# What you will do
In the records below, find the line holding "Chili Paneer"; copy it and every line after it to the end, omitting all images.
*** Provided material ***
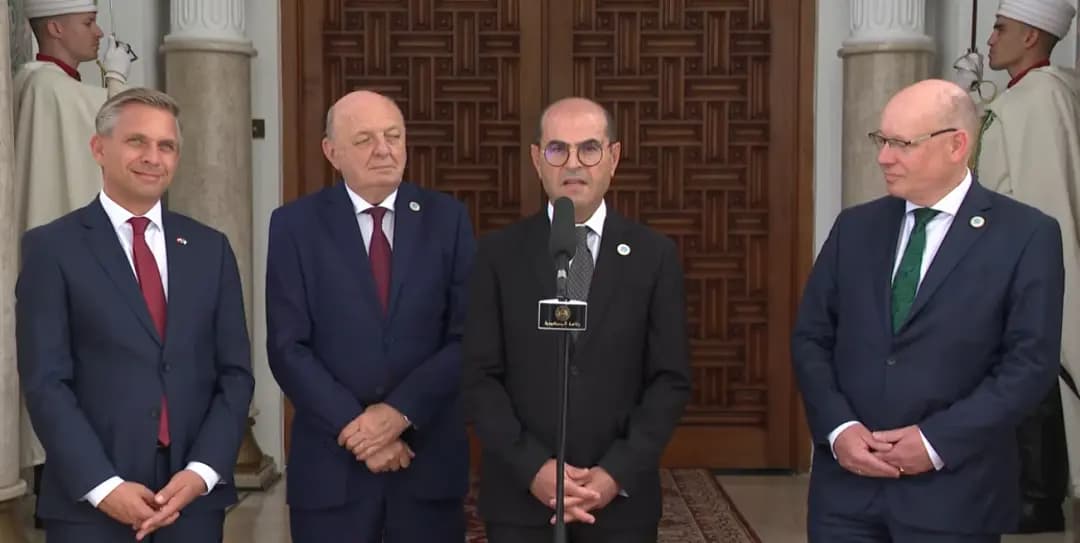 Projet SoutH2 Corridor : une infrastructure stratégique pour l’énergie propre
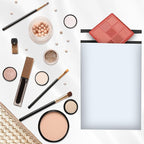 120-Piece White Poly Mailers - 6x9 Inch Shipping Envelopes with Self-Adhesive Seal, Waterproof and Tear-Proof Postal Bags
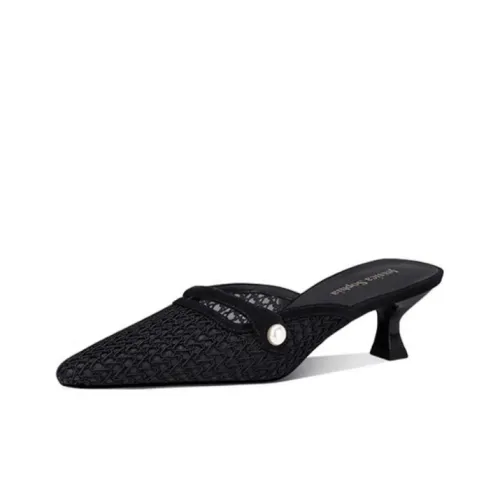 JESSICA SOPHIA Износостойкие противоскользящие домашние тапочки для женщин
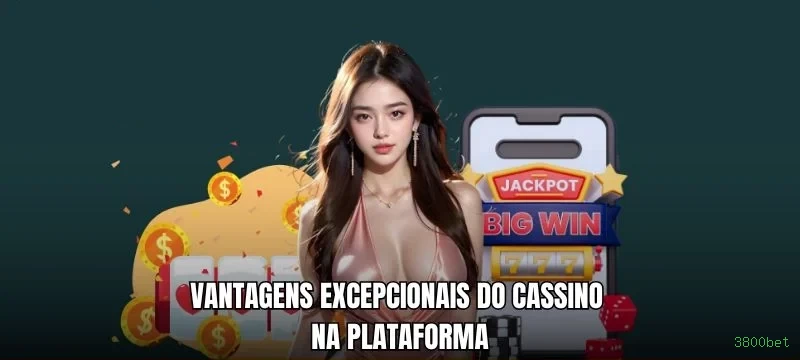 Jogos de Cassino 3800bet - Variedade Incrível com Grandes Prêmios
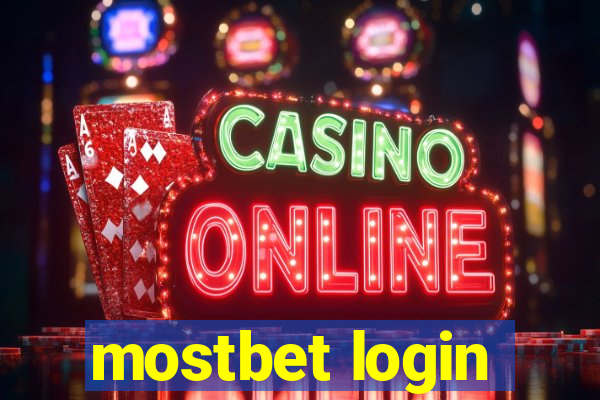 mostbet login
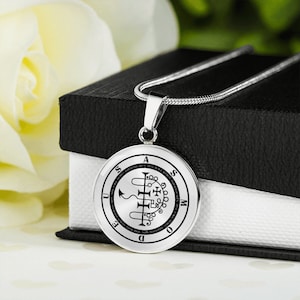 Asmodeus necklace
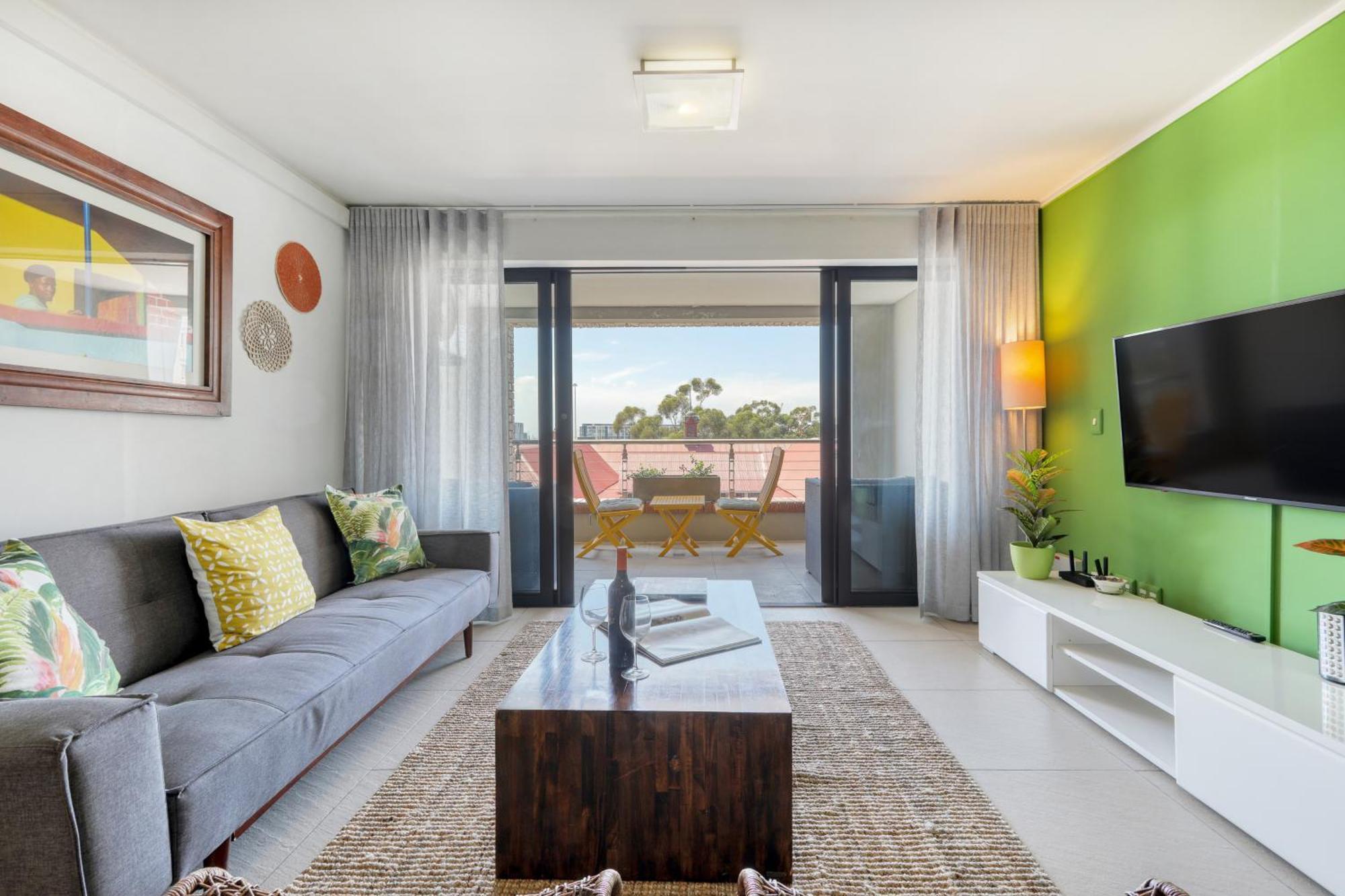 Authentic Cape Town Apartment Near The Waterfront Extérieur photo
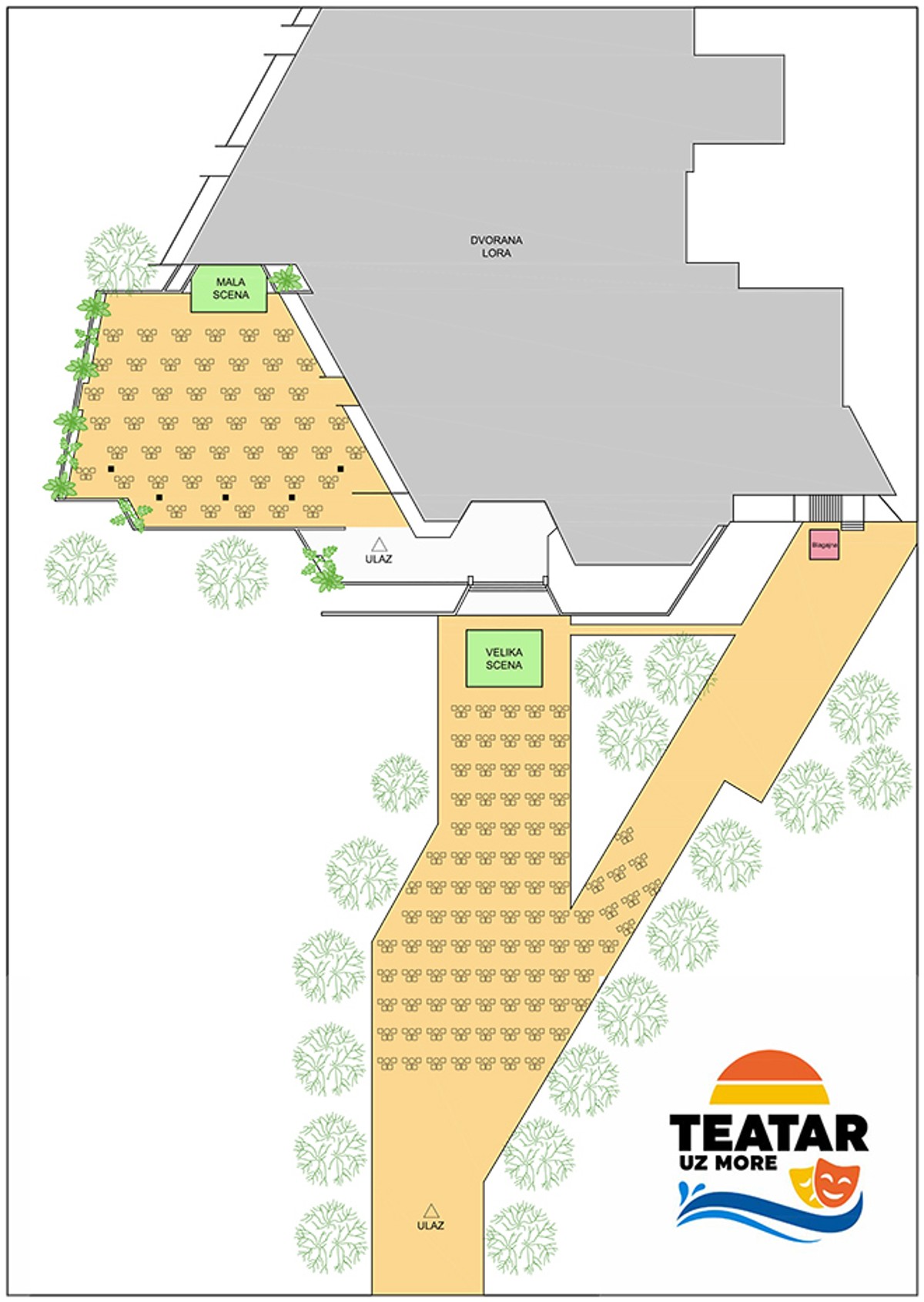 SPLIT DOBIVA NOVI FESTIVAL 'Bit će to kazališna Ultra ili Woodstock!'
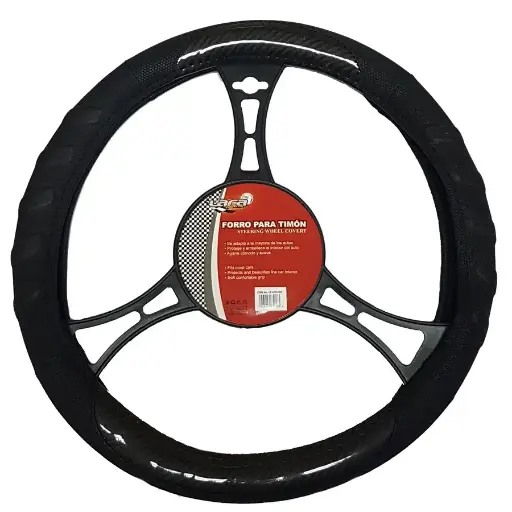 FORRO PARA TIMON NEGRO (LF-4247)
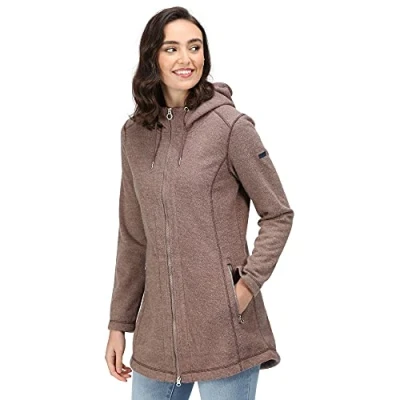 Abbildung von Regatta Radhiyah Fleece für Damen, mit 2 Wege Reißverschluss vorn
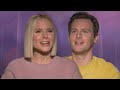 Frozen 2 Deleted Song! Kristen Bell and Jonathan Groff Sing ROMANTIC Duet! (Exclusive)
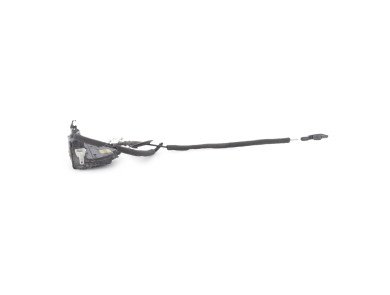 Serrure de porte avant gauche - Renault TWINGO III PH.1 - Blanc - 805030700R - B1-2979P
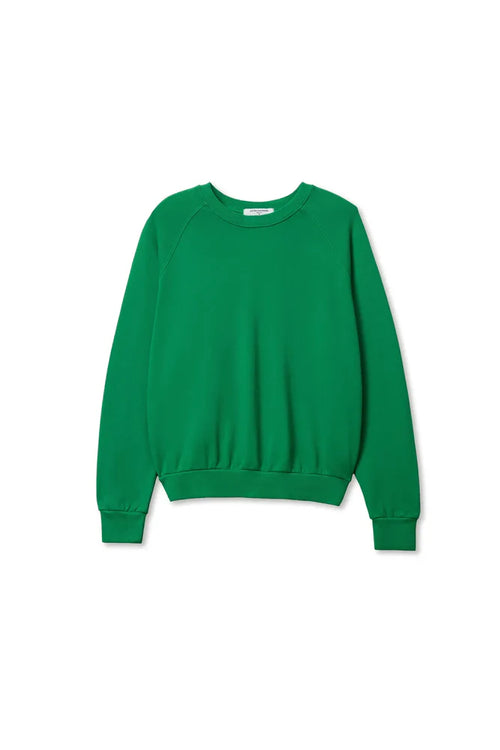 Alexi French Terry Sweatshirt - Grass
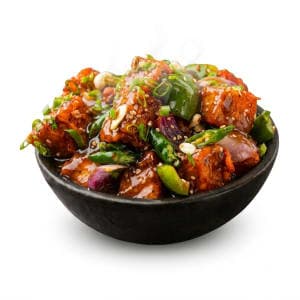 Chili Paneer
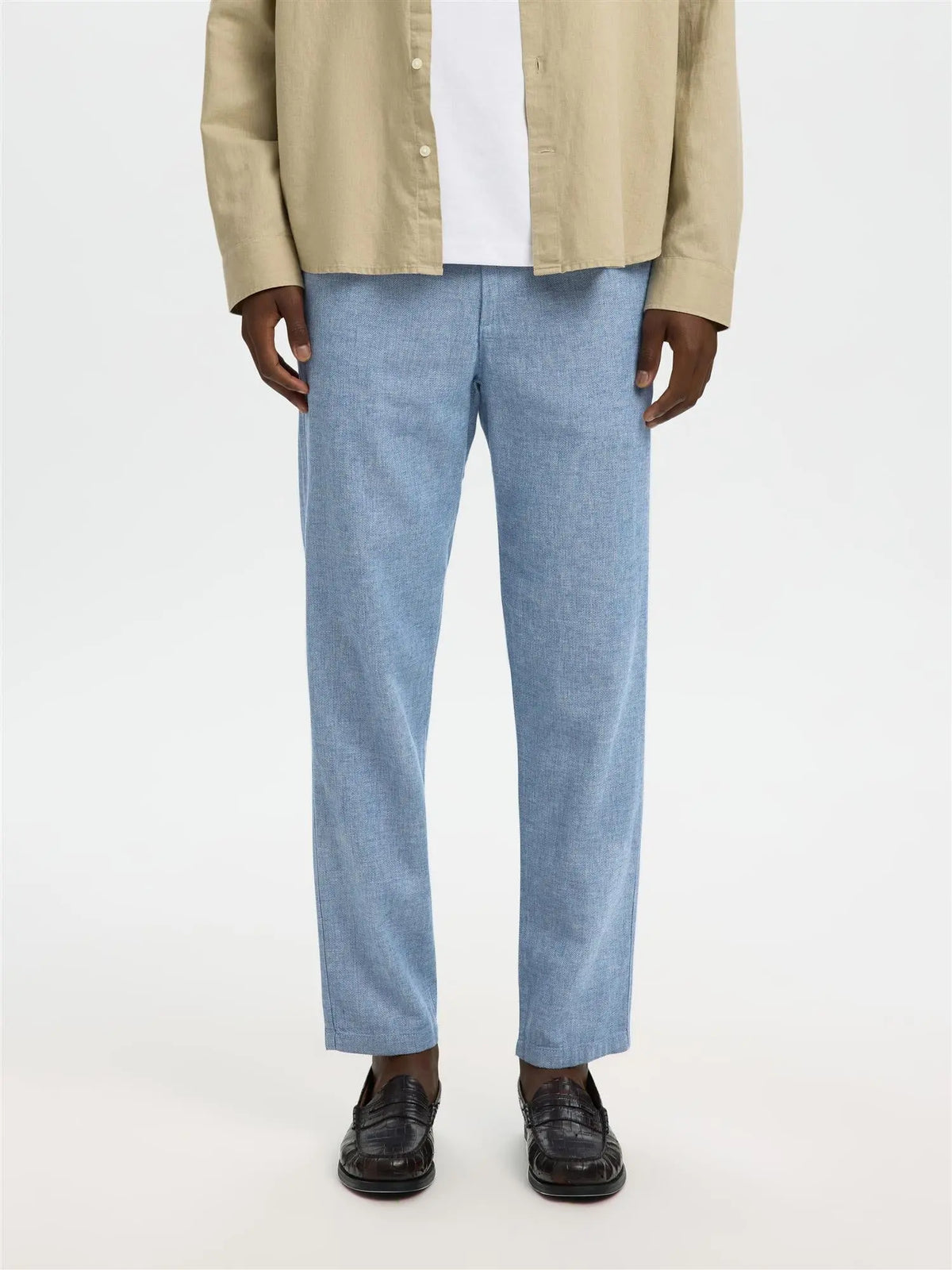 Brody Linbukse - Cashmere Blue Selected Homme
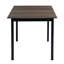 Janaiya Metal Base Dining Table-352658576-352658572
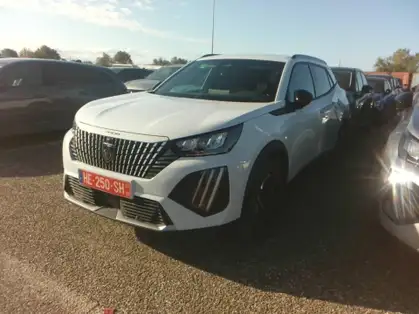 PEUGEOT 2008 ALLURE Hybrid 145 CV e-DCS6 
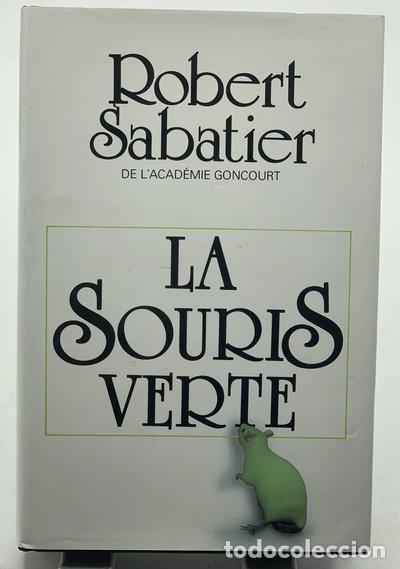 B&uuml;cher: La souris verte- 9782724260847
*** End of Provided material ***
# Written answer
 Chili Paneer
 Brody Linbukse - Cashmere Blue Selected Homme
 Janaiya Metal Base Dining Table-352658576-352658572
 PEUGEOT 2008 ALLURE Hybrid 145 CV e-DCS6 
 B&uuml;cher: La souris verte- 9782724260847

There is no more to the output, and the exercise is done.